Die zulässige Erinnerung ist begründet. Der Festsetzungsbeschluss des Urkundsbeamten der Geschäftsstelle vom 23. November 2016 war entsprechend dem Tenor abzuändern.

In Verfahren vor den Gerichten der Sozialgerichtsbarkeit, in denen, wie hier, das Gerichtskostengesetz nicht anzuwenden ist, entstehen Beitragsrahmengebühren (§ 3 Abs. 1 Satz 1 Rechtsanwaltsvergütungsgesetz [RVG]). Wird die Erstattung einer Rahmengebühr verlangt, so ist die vom Anwalt nach § 14 Abs. 1 Satz 1 RVG bestimmte Gebühr die gesetzliche Gebühr. Das Gericht hat aber zu prüfen, ob die Bestimmung unbillig und deshalb nicht verbindlich ist, § 14 Abs. 1 Satz 4 RVG.

Die vom Erinnerungsführer nunmehr im Erinnerungsverfahren angesetzte Terminsgebühr ist nicht unbillig.

Bei der Bemessung der Terminsgebühr bestimmt der Rechtsanwalt innerhalb des einschlägigen Gebührenrahmens von 50 € bist 510 € die Gebühr im Einzelfall unter Berücksichtigung aller Umstände, vor allem des Umfangs und der Schwierigkeit der anwaltlichen Tätigkeit, der Bedeutung der Angelegenheit sowie der Einkommens- und Vermögensverhältnisse des Auftraggebers nach billigem Ermessen (§ 14 Abs. 1 Satz 1 RVG).

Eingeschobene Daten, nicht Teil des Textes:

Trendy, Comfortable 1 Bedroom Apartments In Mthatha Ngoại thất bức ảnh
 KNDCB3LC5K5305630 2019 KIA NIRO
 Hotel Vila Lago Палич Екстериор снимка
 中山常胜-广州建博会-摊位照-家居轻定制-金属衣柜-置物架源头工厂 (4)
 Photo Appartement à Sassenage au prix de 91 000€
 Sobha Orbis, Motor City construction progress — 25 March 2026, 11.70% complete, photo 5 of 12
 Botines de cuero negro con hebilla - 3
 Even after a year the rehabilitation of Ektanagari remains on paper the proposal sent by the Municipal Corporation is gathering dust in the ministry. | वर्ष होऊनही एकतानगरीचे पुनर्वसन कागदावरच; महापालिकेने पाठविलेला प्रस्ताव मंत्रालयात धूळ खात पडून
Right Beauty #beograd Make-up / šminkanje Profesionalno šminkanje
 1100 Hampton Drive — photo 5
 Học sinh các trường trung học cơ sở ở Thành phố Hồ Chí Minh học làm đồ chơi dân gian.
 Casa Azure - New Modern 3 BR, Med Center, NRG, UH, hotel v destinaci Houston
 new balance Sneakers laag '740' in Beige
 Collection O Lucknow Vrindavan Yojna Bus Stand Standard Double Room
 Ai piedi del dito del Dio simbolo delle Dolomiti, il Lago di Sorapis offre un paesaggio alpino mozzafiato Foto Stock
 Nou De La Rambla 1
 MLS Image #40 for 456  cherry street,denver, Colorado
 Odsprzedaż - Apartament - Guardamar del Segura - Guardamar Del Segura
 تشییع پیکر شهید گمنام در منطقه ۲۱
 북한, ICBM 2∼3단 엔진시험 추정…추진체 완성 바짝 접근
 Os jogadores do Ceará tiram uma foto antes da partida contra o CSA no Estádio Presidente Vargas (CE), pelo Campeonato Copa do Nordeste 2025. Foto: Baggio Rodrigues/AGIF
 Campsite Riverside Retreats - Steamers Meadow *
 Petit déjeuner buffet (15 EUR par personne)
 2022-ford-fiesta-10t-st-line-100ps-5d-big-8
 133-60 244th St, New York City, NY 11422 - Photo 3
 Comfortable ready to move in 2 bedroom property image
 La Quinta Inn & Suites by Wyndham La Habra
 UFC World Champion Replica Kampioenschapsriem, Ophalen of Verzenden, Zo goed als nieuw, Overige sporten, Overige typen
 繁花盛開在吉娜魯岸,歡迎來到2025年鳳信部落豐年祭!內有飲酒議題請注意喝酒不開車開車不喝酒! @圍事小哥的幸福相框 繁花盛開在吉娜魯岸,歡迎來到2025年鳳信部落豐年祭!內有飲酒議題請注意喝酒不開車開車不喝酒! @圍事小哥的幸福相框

Für den Umfang der Sache ist vorrangig auf die Dauer des Termins abzustellen. Das Sächsische Landessozialgericht stellt in ständiger Rechtsprechung auf eine durchschnittliche Terminsdauer von 30 bis 45 Minuten ab (Sächsisches Landessozialgericht, B...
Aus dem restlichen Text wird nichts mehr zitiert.